I suspect the issue might be related to the Apple Silicon (ARM64) machine running x86_64 code or that I’m not passing parameters to printf correctly.

How can I properly write NASM code calling printf with a double argument on a Mac M1? Do I need to compile for ARM64 and how do I do that?

Outputs in debug mode. I used lidb for MacOS:

(lldb) breakpoint set --name main
Breakpoint 2: where = float_bug`main, address = 0x0000000100000f6f
(lldb) run
Process 31221 launched: '/Users/dmitroparhomenko/FlowyROS/float_bug' (x86_64)
warning: libobjc.A.dylib is being read from process memory. This indicates that LLDB could not read from the host's in-memory shared cache. This will likely reduce debugging performance.

Process 31221 stopped
* thread #1, queue = 'com.apple.main-thread', stop reason = breakpoint 2.1
    frame #0: 0x0000000100000f6f float_bug`main
float_bug`main:
->  0x100000f6f <+0>:  movsd  0x1099(%rip), %xmm0 ; num1, xmm0 = mem[0],zero 
    0x100000f77 <+8>:  movsd  0x1099(%rip), %xmm1 ; num2, xmm1 = mem[0],zero 
    0x100000f7f <+16>: addsd  %xmm1, %xmm0
    0x100000f83 <+20>: movsd  %xmm0, 0x1095(%rip) ; result
Target 0: (float_bug) stopped.
(lldb) register read xmm0
    xmm0 = {0x00 0x00 0x00 0x00 0x00 0x00 0x00 0x00 0x00 0x00 0x00 0x00 0x00 0x00 0x00 0x00}
(lldb) expr *(double*)&$xmm0
(double) $0 = 0
(lldb)

Solution

The bug in your program

When calling a variadic function such as printf under the x86-64 SysV calling convention, al is expected to contain the number of xmm registers being used to pass arguments. You're setting it to zero, probably because you copied this from code which printed a string or something. But you are passing one floating point argument in xmm0, so you need to set al to 1 instead of 0.

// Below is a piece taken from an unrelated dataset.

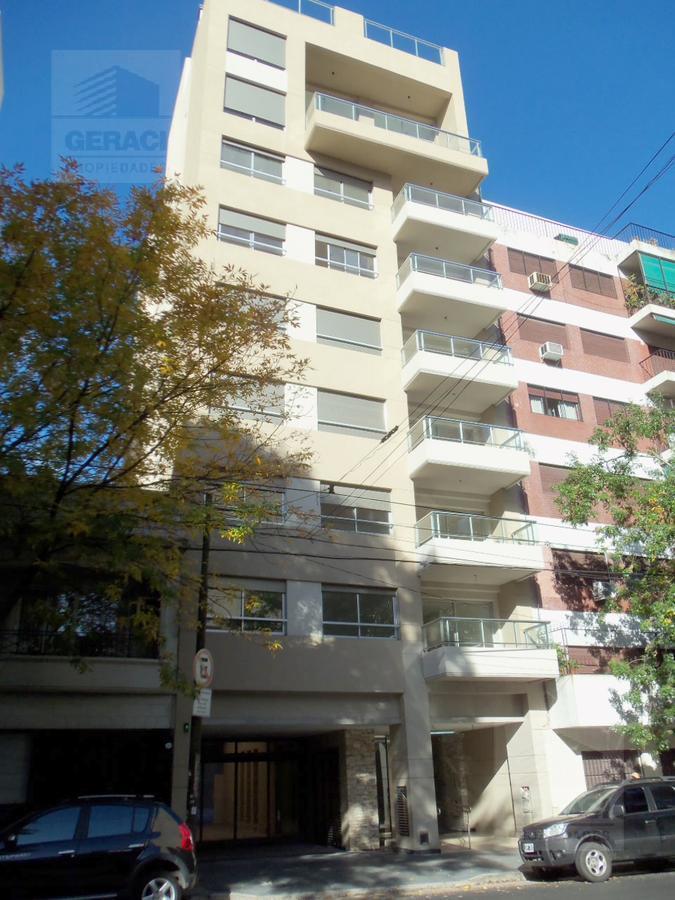 Excelente Semipiso de Categoría con Balcón - Caballito 3
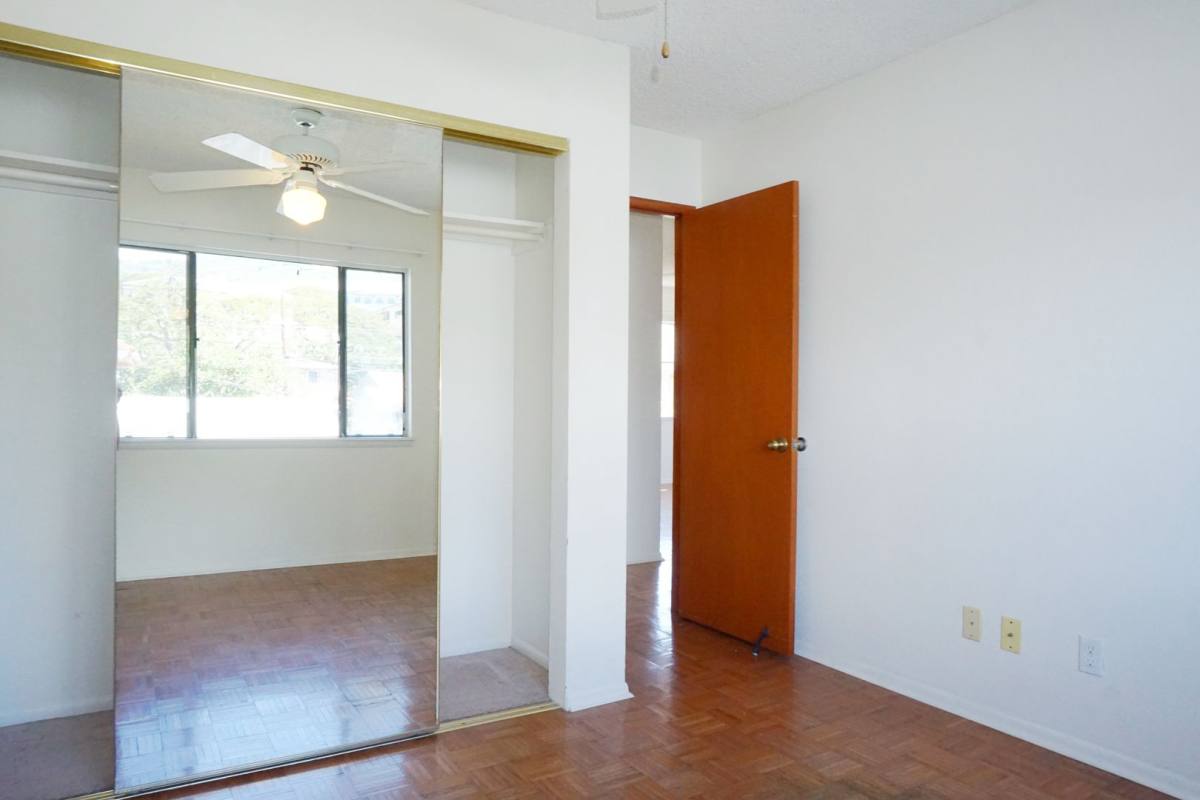 Apartment for rent at 1511 Artesian Way, Honolulu, HI 96822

Change xor eax, eax to mov eax, 1 and the program should work correctly.

General code review

It's a bit silly to use x87 instructions for floating point in this day and age, especially given that you have to move the result into an SSE xmm register afterward anyway. The modern and more sensible approach would be to do your computation with SSE registers and instructions, e.g. using addsd to add. So that part of the program could become simply

movsd xmm0, [rel num1]
addsd xmm0, [rel num2]

You should set eax to the desired exit status of your program before returning. In this case, it would make sense to use 0, indicating success.

Background info on x86-64 vs ARM64

Your M1 CPU uses the ARM64 architecture. Therefore, the x86-64 instructions in this code are not being executed directly by the CPU; instead, they're emulated using Rosetta2. So you can successfully build and run x86-64 code, much as if you actually had a physical x86-64 CPU, but you should be aware that it isn't running natively, and may be slow.

If you do want to write native ARM64 code instead, it's not just a matter of changing compilation settings; you have to rewrite the code from scratch. It's an entirely different architecture, with a different instruction set, register set, assembler syntax, etc. (For instance, instead of having sixteen 64-bit integer registers named rax, rbx, ..., you have 31 of them named x0, x1, ..., x30.) https://github.com/below/HelloSilicon is a tutorial you could look at.

In particular, nasm only supports x86 so you'll have to switch to a different assembler that supports ARM64. Most people use the one built into clang.